Excited that my daughter will be joining me on the PCT next May

I had mentioned to my daughter, Birdie, about a week ago that I planned to walk 100 miles of the Pacific Crest Trail (PCT) in southern Oregon next spring and she was excited for me. I had casually invited her along too, not thinking that she would be able to take the time off work or be interested in traveling 800 miles just to go walking for seven straight days. When I spoke to her on Friday evening, she was really gung-ho about the prospect of going with me! I was thrilled. It'll be a great opportunity for us to build memories together and have some father-daughter bonding time. It'll also mean I don't have to hike the trail alone which will be safer for me. And I'll have someone to talk to during that time so that I don't go crazy.

Many of the hard-core through hikers of the PCT, 90% of whom will be travelling northbound (nobos), will still be roasting their hinies in California at the end of May, so I don't expect there'll be many other people on the trail when I'm planning to be there. Although the nighttime temperatures by then will be in the low 40s °F (mid-single digits in °C) there will still be snow in the ground in parts of the Crater Lake National Park in late May, I think; hopefully just not on the bits that we'll be on!

The bonding thing with Birdie reminds me that it will soon be ten years ago (it was Presidents Day, so mid-February) that she and I spent a couple of frozen nights together in a rustic Forest Service cabin in the middle of nowhere. That was fun too.

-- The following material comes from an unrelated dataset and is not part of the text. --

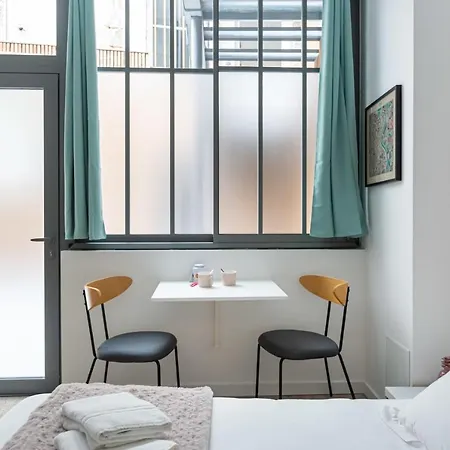 Guestready - Studio In The Heart Of The Historic Center Of Apartment Bordeaux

Thursday, October 08, 2015

Walked 1.2 miles to Safeway and back

Normally, when I walk the 0.7 miles to work, and the same distance home again (except it's uphill then!) I can get about 6,000 steps in my day. Today, on a day off from work, I walk to my local Safeway and back (1.2 miles each way), including carrying a very heavy backpack on the way home (uphill, remember!). I managed to clock up 8,000+ steps today.

Tuesday, October 06, 2015

Appointment with exercise coach cancelled - I'm annoyed

I just got a call from the state employees' health center. My appointment with the exercise coach, scheduled for next week, has been cancelled. The only alternative now is a consultation over the phone. What kind of phoney baloney is that! I want to see a real live person so that I can ask them lots of questions and get answers that are easy for me to understand.

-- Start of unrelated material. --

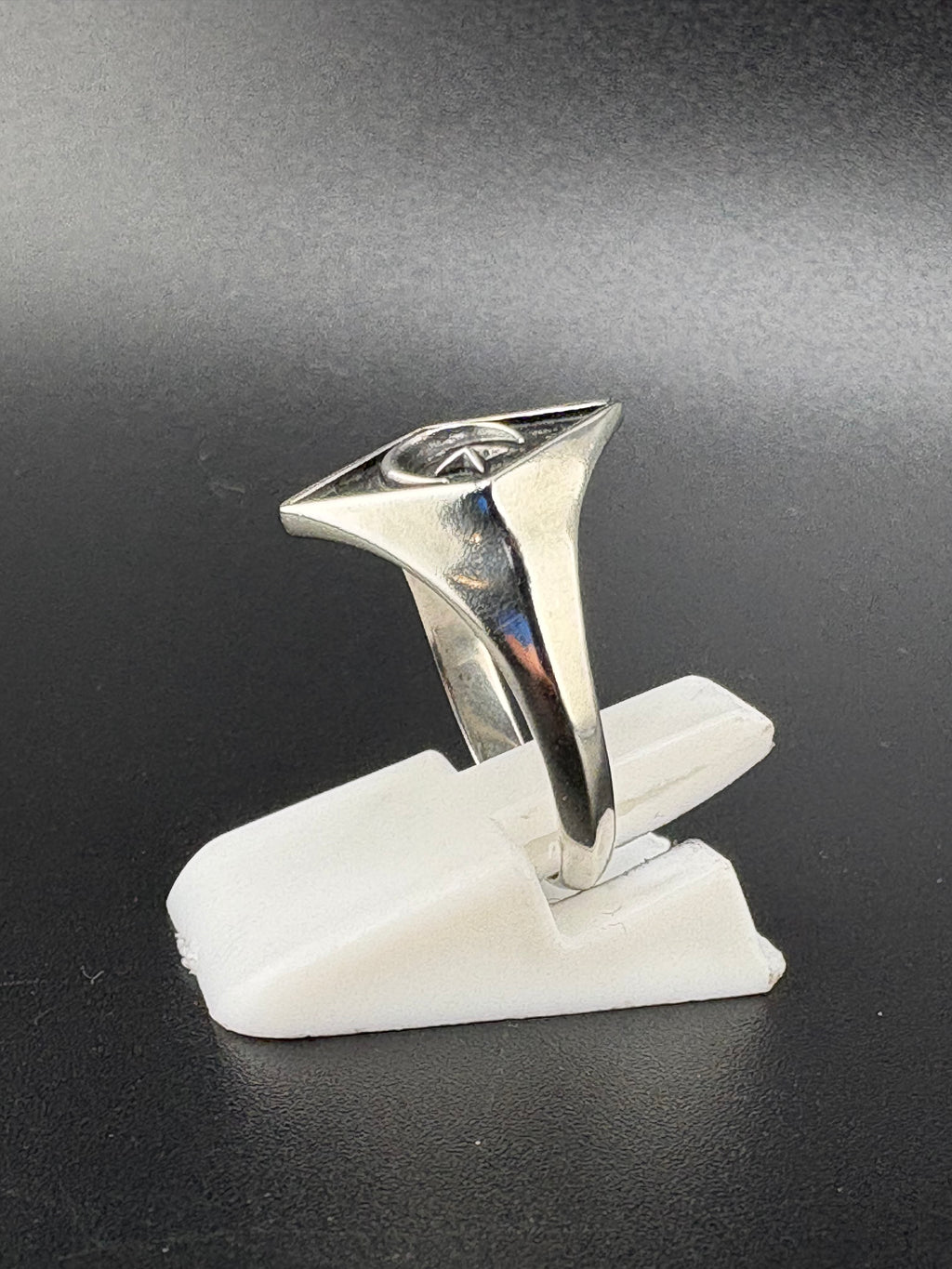 .925 Sterling Silver Celestial Moon & Star Ring – 2.29g – Size 6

I wanted specific guidance on how best to use the new latex resistance exercise bands I have. If I wanted just generic advice, I can get that from YouTube and the rest of the Internet.  Well, I'm not going to let that stop me. I already have the bands, and I also have a couple of 1 gallon jugs (which used to have Arizona tea in them, sugar-free, of course), filled with water and weighing 8.6 lbs each. So, I can start working on a daily strength-building regime. As an experiment, I filled the jugs with dry sand to see how much they weighed - 12.2 lbs each. When my now self-devised weightlifting program calls for it in the future, I can add water to the dry sand and probably reach 15 or 16 lbs.

The idea would be to add an extra dimension to my exercise program. Walking and swimming are good, but I feel like I need to have some muscle building and shaping too.